# Ikariam - Detailing World Alliance thread



## eshrules (May 22, 2007)

Ok chaps, we all know who we are, as we're in the alliance....

this thread is to discuss tactics, current 'pillage' gold mines and any current attacks.

I'm currently amassing an army, as well as building up my 3rd colony, my intention is to have 2 massive marble producing towns, in order to support my continued growth.

if anyone is under attack, please post up here any details you have and we can collectively, work together to bring the fools down :thumb:


----------



## finallyanameica (Aug 31, 2007)

Currently just pillaging a couple of inactives, but arent getting much from them. 
Re pillaging here are my tactics (I only pillage inactives atm) :

PM them in game explaining that they are showing as inactive are as such are fair game. Also point out that if they do come back, they may want to go into vacation mode mode next time to stop pillaging. 

If they are in an alliance, PM the gamer, AND THE ALLIANCE! Technically, as an inactive they are still fair game. However, you dont want them to come back, complain to their alliance and then the entire alliance come down on you! Most alliances wont have a problem with this. In fact, a lot of alliances tend to boot out inactives then mass pillage them themselves! 

Beware - bashing rule still counts against inactives. 

I currently have 3 towns (marble, wine and glass) and am saving for a fourth (sulpher). As I dont have a sulpher island my army is negligable and I have no navy whatsoever!


----------



## Gandi (Dec 18, 2007)

Right i Have 1 Very large town producing wine with an okish army not really into waring yet but will be building armys soon, 2nd town is quite large, producing marble again okish size army there, 3rd town is still quite small with a few solders keeping guard.

Will be working on my Army over the next week or so due to us growing as an Alliance i feel will come under attack from the larger Alliances pretty soon


----------



## asjam86 (Mar 23, 2007)

I'm under attack at the moment. Well his troops will be with me in the hour.
I don't have any army really 4, phalanx 4 swordsmen and 4 slingers. No navy.
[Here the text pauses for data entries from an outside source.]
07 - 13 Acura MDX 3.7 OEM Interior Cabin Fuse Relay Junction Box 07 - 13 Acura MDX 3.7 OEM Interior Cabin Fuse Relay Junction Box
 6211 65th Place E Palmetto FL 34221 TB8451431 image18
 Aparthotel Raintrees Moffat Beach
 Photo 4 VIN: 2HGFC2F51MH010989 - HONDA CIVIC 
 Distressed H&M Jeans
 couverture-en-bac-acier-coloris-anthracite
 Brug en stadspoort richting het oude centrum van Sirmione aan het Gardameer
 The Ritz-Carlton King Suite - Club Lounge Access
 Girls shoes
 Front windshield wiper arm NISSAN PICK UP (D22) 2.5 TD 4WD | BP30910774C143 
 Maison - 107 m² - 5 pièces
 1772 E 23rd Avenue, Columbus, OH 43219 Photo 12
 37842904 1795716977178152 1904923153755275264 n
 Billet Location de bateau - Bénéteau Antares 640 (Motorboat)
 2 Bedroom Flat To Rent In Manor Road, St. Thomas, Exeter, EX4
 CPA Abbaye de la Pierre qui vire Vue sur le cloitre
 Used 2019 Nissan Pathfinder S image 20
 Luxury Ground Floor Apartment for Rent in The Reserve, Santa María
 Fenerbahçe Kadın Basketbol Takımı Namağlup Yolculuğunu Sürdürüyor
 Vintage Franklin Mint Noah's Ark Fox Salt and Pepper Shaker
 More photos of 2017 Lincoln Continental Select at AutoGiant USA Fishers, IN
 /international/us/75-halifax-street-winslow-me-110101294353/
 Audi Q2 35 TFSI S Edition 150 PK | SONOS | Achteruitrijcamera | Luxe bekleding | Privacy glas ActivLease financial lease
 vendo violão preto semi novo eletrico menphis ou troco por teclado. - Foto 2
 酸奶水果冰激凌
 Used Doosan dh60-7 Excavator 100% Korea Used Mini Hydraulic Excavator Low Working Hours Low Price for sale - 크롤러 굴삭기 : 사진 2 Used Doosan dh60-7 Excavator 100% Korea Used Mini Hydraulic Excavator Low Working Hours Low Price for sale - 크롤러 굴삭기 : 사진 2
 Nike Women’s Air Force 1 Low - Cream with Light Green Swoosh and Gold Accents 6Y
My wall is up to level 8 but obviously I'm not in a position to defend myself from ....
player silky caesar
Rothoos 11:58 byzantium
Town level 12
45 units heading my way and my towns a full 50% below his 

I'm a glass producer but just sent everything over to eshrules as I'm not gonna let this bugger attack me and actually gain from it. :devil:


----------



## JamesGarner (Jan 29, 2007)

Have reacently moved onto a 4th island (1 of each now)
my main plans are at the moment

Upgrade town hall,woodyard and sulpher mine on the colony
Increase my town walls to the same levels as my town halls
Upgrade all my warehouses to level 10
try and get all my gouveners residences up to level 3 (stupidly expensive)

Not really pillaging people looking more to defence 
although i do have 47 swordsmen to try and pesuade islanders to donate to upgrades


Could do with 1 more cultural exchange at the moment if anybody wants to btw


----------



## finallyanameica (Aug 31, 2007)

JamesGarner said:


> Could do with 1 more cultural exchange at the moment if anybody wants to btw


I've got 2x level 1 museums and need cultural exchanges, but have no idea how to do it! Do I have to get up to level 3 and make treaties, or do other ppl offer me treaties?


----------



## Dopey (Jun 3, 2008)

I'm just getting a level 6 warehouse, i figurer at the start walls and such a small army, is just holding off the inevitable, at lest i will still have some recourses left that way, and they will think twice next time they pillage because they wont walk away with much


----------



## Brazo (Oct 27, 2005)

erm is this like world of warcraft?


----------



## Dopey (Jun 3, 2008)

I duno tbh but its a cracking game its like a god sim......but it is slow, most are on Epsilon, if you can to make it easier to start chose a Marble Island if you can


----------



## silver bmw z3 (Apr 30, 2007)

I've gone straight for pillaging. Only been playing about a week and have 3 towns, a military score of about 20,000 and I've already figured out credit - my current gold income is negative, I just let it eat into my total gold for a while. Gold seems a lot less useful than materials as you can trade materials 1:1 often. Every now and then I sell material to some idiot at 30 a piece and end up bringing in 18-20,000 gold which sees me ok for a while. 

I've pillaged everyone and incurred the wrath of a chap who looked small but had 100,000+ gold, so soon ramped up his miltary score - I held my own for a while and probably got more than I gave but it cost me dear in sulpher.

He only pillaged me because I pillaged him first so I'm thinking peace is the way forward as other than that I haven't been pillaged myself but have pillaged about 20 times.

I'm going to go through a peaceful period now and grow my towns - I need to get the ridiculously expensive governer's residence level 2 in each town so I can stop corruption really.


----------



## hellknight10 (Jun 16, 2008)

can i be General ?


----------



## Johnnyopolis (Oct 25, 2005)

How do I make wine and stuff its confused me a bit!!!


----------



## hellknight10 (Jun 16, 2008)

You must go at Show Island ---> Crystal Mine (crystal glass) or Forrest (wood) or Quarry (marble) or Vines (wine) or Sulfur Pit (sulfur) ---> after this you will see something like this







after you set how many peoples to work ... it`s easy ..

But u must upgrade your Warehouse if u want to make a loot of building materials !!!

Good luck !


----------